At Arizona State University’s Center for Services Leadership; they have done a lot of research around ‘Service Recovery’. These studies, and others like them, have shown the importance of being able to effectively turn around customers in the event of a service failure. No service is going to be perfect no matter how hard you try. You strive for the best but plan for the worst. An important part of this research concluded that customers who have experienced a service failure but then are treated appropriately in the recovery for that failure will be much more loyal to your brand than even those who never experienced a problem. The recovery might be simple as an apology with appropriate empathy or it might be appropriate compensation for the problem. Even doctors can drastically reduce medical malpractice claims by admitting to the error and treating the patient and family with appropriate respect and effort to resolve the issue. Service recovery must be timely, it must be sincere and it must be appropriate and proportionate in relation to the customer impact.

It is too easy to blame the customer facing agents for bad customer service. I can guarantee that the 11000 agents at Delta are NOT the cause of their poor customer service ranking. If Delta resolved the root causes like bad scheduling, poor maintenance and bad baggage handling they would not need 11000 agents nor would they need to send them all to charm school. These agents likely got their jobs because they were already charming, their management made them otherwise.
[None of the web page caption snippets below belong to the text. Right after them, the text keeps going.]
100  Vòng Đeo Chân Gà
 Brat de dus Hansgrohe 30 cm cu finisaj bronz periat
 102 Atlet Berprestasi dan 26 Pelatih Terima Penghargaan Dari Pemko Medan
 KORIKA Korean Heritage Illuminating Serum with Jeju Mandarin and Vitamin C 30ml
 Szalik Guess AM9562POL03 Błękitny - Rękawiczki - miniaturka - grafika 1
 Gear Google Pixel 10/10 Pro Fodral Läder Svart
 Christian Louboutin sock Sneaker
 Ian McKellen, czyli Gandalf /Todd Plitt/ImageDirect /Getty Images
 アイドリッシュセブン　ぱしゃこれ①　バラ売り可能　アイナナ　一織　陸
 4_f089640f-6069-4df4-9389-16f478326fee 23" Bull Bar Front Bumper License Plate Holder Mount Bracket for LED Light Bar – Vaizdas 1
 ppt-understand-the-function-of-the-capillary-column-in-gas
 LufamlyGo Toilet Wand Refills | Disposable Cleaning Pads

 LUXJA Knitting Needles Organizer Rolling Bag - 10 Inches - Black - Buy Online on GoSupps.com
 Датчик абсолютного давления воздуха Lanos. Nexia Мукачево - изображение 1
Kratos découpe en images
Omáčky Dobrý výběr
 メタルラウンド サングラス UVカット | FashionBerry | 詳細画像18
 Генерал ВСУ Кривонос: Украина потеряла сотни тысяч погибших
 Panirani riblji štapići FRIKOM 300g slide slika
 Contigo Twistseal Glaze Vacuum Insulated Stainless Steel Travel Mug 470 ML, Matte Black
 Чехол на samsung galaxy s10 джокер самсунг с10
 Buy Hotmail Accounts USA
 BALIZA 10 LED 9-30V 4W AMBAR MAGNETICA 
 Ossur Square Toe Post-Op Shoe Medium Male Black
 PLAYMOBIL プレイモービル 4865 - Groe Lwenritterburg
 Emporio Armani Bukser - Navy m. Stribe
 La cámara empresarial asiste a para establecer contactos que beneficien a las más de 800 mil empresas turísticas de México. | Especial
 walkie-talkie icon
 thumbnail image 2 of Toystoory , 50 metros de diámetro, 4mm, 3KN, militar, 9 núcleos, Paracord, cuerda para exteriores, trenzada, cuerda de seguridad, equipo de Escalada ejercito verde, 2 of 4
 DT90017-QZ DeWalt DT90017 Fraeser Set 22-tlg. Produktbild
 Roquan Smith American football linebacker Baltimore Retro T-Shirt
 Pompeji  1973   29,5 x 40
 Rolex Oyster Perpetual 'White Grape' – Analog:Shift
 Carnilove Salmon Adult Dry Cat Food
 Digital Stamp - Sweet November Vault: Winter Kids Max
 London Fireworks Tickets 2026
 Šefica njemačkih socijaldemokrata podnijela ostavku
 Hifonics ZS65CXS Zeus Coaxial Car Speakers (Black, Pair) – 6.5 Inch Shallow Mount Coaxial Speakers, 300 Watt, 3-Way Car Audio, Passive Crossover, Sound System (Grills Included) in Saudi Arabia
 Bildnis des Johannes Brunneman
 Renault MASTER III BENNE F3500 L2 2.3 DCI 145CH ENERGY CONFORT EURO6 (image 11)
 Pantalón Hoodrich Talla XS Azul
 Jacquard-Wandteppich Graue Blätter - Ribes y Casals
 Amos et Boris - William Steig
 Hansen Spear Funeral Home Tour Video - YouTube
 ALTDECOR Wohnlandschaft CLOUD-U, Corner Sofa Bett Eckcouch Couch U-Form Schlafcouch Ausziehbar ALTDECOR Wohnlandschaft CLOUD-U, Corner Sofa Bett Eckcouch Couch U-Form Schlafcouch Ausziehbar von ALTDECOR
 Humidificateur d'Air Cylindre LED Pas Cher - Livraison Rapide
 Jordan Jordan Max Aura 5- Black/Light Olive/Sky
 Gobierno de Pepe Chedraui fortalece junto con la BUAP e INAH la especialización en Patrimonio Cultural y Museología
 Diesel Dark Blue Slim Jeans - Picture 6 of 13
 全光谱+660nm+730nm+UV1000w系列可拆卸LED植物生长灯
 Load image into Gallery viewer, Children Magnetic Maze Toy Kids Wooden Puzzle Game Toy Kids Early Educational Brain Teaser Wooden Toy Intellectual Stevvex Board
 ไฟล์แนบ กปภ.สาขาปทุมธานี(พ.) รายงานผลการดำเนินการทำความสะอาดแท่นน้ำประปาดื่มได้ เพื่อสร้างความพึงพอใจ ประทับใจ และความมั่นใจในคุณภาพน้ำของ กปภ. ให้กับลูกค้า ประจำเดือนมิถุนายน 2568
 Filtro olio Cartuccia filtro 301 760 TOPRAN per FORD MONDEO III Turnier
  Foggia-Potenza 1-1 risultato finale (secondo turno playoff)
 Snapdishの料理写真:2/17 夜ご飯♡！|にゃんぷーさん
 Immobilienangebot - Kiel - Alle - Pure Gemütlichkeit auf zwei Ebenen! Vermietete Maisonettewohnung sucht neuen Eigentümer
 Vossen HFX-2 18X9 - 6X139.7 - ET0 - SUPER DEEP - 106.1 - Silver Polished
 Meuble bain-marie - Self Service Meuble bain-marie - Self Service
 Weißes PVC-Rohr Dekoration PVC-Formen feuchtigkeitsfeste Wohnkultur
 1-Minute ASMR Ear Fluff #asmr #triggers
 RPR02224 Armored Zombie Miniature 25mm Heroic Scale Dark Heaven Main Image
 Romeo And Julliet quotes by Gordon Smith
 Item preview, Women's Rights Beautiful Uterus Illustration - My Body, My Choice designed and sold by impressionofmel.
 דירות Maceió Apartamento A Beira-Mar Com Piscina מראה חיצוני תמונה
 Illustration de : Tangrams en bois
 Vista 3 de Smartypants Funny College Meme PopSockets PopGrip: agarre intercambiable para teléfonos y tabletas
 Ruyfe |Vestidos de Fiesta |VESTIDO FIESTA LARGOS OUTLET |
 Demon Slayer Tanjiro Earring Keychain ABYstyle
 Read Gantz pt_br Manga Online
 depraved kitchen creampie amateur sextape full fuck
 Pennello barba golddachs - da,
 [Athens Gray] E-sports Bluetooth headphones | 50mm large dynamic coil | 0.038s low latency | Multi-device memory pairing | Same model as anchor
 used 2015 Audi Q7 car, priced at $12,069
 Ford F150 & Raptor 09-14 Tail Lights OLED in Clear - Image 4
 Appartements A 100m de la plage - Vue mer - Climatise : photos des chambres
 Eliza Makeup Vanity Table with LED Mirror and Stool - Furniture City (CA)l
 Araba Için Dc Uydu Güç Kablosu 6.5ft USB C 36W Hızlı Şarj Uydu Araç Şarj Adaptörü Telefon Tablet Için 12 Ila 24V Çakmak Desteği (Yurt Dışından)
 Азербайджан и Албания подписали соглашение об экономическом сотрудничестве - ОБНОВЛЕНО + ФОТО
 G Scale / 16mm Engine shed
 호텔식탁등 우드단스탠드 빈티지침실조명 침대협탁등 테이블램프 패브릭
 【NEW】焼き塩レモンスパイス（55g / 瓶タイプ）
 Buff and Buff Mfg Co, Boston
They are likely no longer engaged in Delta’s success and lack real empowerment to help make the right changes.

I have seen this at way too many companies where the front line service is surely and unhelpful. These people will look beaten and defeated. They have given up trying to change things they can no longer control. They gave up apologizing for their employer because the problems never get better and so customers view the apologies as insincere. When they lack empowerment and they are no longer engaged they become automatons. Sending them to charm school or replacing them won’t help.

Customer Service is a team sport and everyone from the CEO to lowest paid employee needs to feel a part of the team that creates good customer experience. Southwest is in the same business yet they are profitable and have a loyal customer base. You can tell from the way that the Southwest employees act that they are engaged and as committed as the CEO.

Helping frontline employees to become better ‘actors’ through training them on personal communication styles, negotiating, crisis management and human psychology and the like is a great idea. This is especially true if you want to create certain brand experiences. Ritz Carlton trains their people to act and respond in certain ways consistent with designed brand experience. It would not work if there was not an infrastructure behind them to support that brand experience. In Delta’s case they are wasting money until they have a good handle on the rest of their problems.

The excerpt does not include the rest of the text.